Splunk Search

report on disk usage spikes?

mitag
Contributor

Need a report that:

  1. Lists volumes with significant disk usage spikes over a given timeframe.
  2. Plots those disk usage spikes over time.

P.S. Not interested in volumes with high percentage of used disk space - only in those that had a spike of say more than 20%.

I am assuming I'd need to:

  1. List volumes that had such a spike by calculating max and average values for e.g. UsePct for a volume and then leaving only those with the delta > 20;
  2. Run a timechart or something similar on those volumes.

Blanking out on how to do that and would appreciate your help - thanks!

P.P.S. This is as far as I've gotten - and it seems to correctly ID volumes with usage spikes (updated May 5):

sourcetype=WinHostMon source=disk FileSystem!="SNFS"
| stats min(storage_used_percent) as min,
        avg(storage_used_percent) as avg,
        max(storage_used_percent) as max,
        by host, Name FileSystem DriveType
| eval delta = max - avg
| where delta>20
| sort - max delta avg

The above produces the full stats table for all hosts and their volumes that had a spike; adding | fields host Name to it would produce just the hosts and volume names; the question remains: what is the best way to plot storage_used_percent on those volumes over the timeframe of the search?

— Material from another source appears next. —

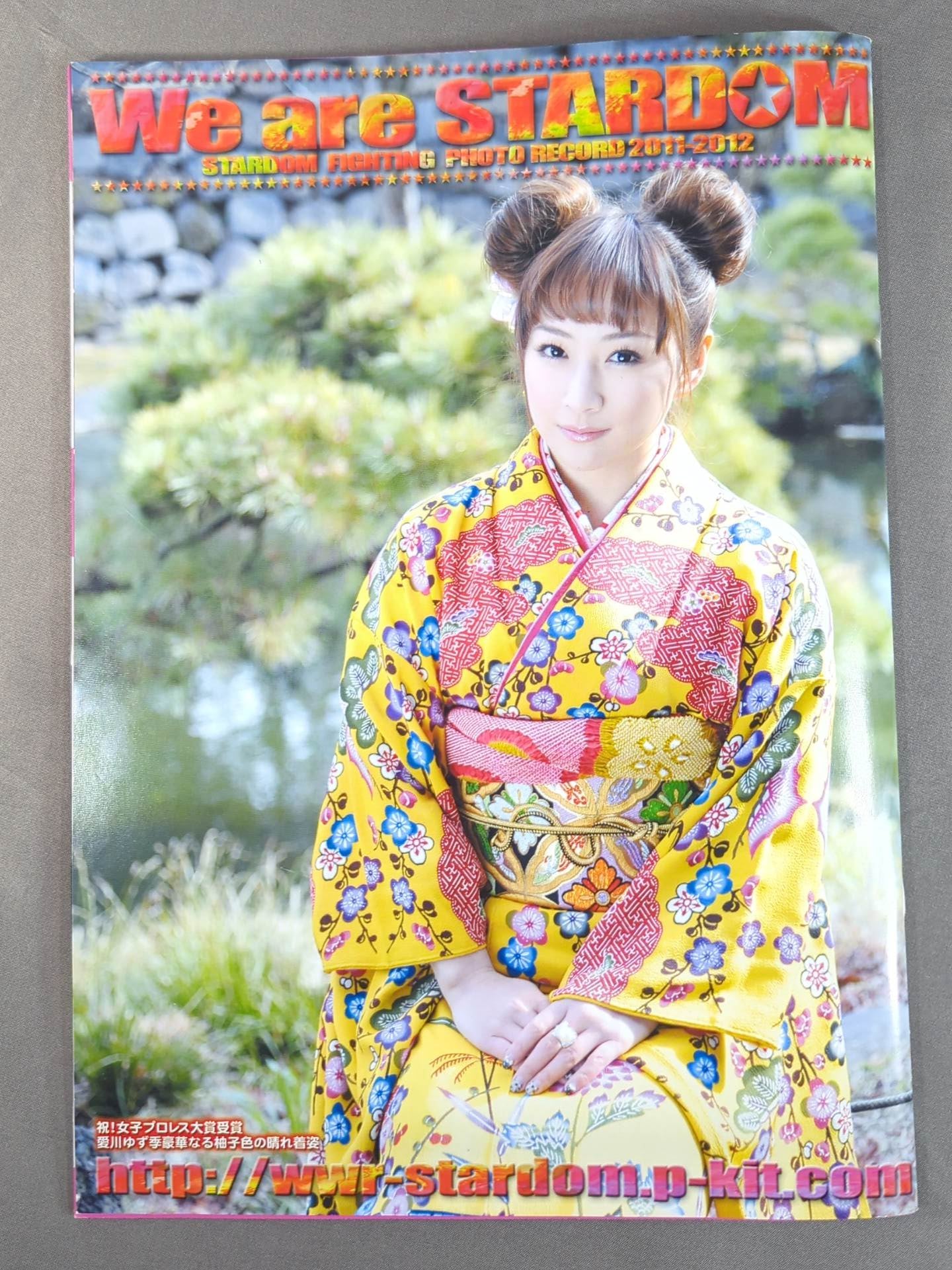 STARDOM OFFICIAL GUIDE BOOK Vol.10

P.P.P.S. Bonus points for streamlining the above search and making it faster; generally a streamlined mechanism for pinpointing anomalies (spikes, unusual deviations or volatility) on any available metrics - such as CPU, memory, disk and network utilization. (I have yet to properly configure Splunk infrastructure apps - perhaps such mechanisms are included in those.)

0 Karma

to4kawa
Ultra Champion

UPDATE:

 sourcetype=WinHostMon source=disk FileSystem!="SNFS"
| eval description=host."_".Name."_".FileSystem."_".DriveType
| bin _time span=1h
| stats min(storage_used_percent) as min,
           avg(storage_used_percent) as avg,
           max(storage_used_percent) as max by _time description
| eval delta = max - avg
| eval host=mvindex(split(description,"_"),0)
| eval flag = if(delta > 20,1,0)
| eventstats sum(flag) as flag by host
| where flag > 0
| sort 0 _time
| fields _time host max
| xyseries _time host max

I see, thanks to provide the detail.
It would be very easy to understand if other people wrote like this too.

0 Karma

mitag
Contributor

Thank you - appreciate the kind words. Doesn't seem to be working though (probably something simple).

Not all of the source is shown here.